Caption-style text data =
Content starts

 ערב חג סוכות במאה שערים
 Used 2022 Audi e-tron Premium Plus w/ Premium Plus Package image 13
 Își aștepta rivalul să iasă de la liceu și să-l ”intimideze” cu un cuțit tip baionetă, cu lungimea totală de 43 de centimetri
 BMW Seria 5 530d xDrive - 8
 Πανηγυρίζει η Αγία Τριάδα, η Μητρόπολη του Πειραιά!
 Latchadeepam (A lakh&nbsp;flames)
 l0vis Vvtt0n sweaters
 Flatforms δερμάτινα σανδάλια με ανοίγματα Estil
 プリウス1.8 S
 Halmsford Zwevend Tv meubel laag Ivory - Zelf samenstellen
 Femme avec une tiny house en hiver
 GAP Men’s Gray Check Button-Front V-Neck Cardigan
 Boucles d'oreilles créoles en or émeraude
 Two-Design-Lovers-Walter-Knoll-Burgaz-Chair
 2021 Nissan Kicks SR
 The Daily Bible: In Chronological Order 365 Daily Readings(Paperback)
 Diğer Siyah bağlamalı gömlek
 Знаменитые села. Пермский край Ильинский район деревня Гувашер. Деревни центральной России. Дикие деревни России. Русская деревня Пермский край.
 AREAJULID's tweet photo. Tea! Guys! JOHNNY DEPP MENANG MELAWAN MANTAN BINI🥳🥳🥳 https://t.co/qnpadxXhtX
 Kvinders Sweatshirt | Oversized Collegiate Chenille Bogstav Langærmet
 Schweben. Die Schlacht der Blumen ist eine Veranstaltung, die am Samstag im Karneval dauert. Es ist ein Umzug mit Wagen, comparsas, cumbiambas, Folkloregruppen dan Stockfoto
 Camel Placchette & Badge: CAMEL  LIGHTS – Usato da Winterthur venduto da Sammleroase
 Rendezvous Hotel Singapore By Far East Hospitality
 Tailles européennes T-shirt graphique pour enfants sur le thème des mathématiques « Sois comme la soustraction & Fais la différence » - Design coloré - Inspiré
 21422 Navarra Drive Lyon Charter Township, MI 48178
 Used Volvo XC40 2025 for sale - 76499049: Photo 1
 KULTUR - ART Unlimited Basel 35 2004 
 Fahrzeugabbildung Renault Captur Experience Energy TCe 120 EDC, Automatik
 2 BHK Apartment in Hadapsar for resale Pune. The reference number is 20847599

Content ends

WORK ORDER = Look above for the line containing "BMW Seria 5 530d xDrive - 8" and the line containing "Halmsford Zwevend Tv". Transcribe both, with the lines between them, exactly.

EXERCISE RESULT =
 BMW Seria 5 530d xDrive - 8
 Πανηγυρίζει η Αγία Τριάδα, η Μητρόπολη του Πειραιά!
 Latchadeepam (A lakh&nbsp;flames)
 l0vis Vvtt0n sweaters
 Flatforms δερμάτινα σανδάλια με ανοίγματα Estil
 プリウス1.8 S
 Halmsford Zwevend Tv meubel laag Ivory - Zelf samenstellen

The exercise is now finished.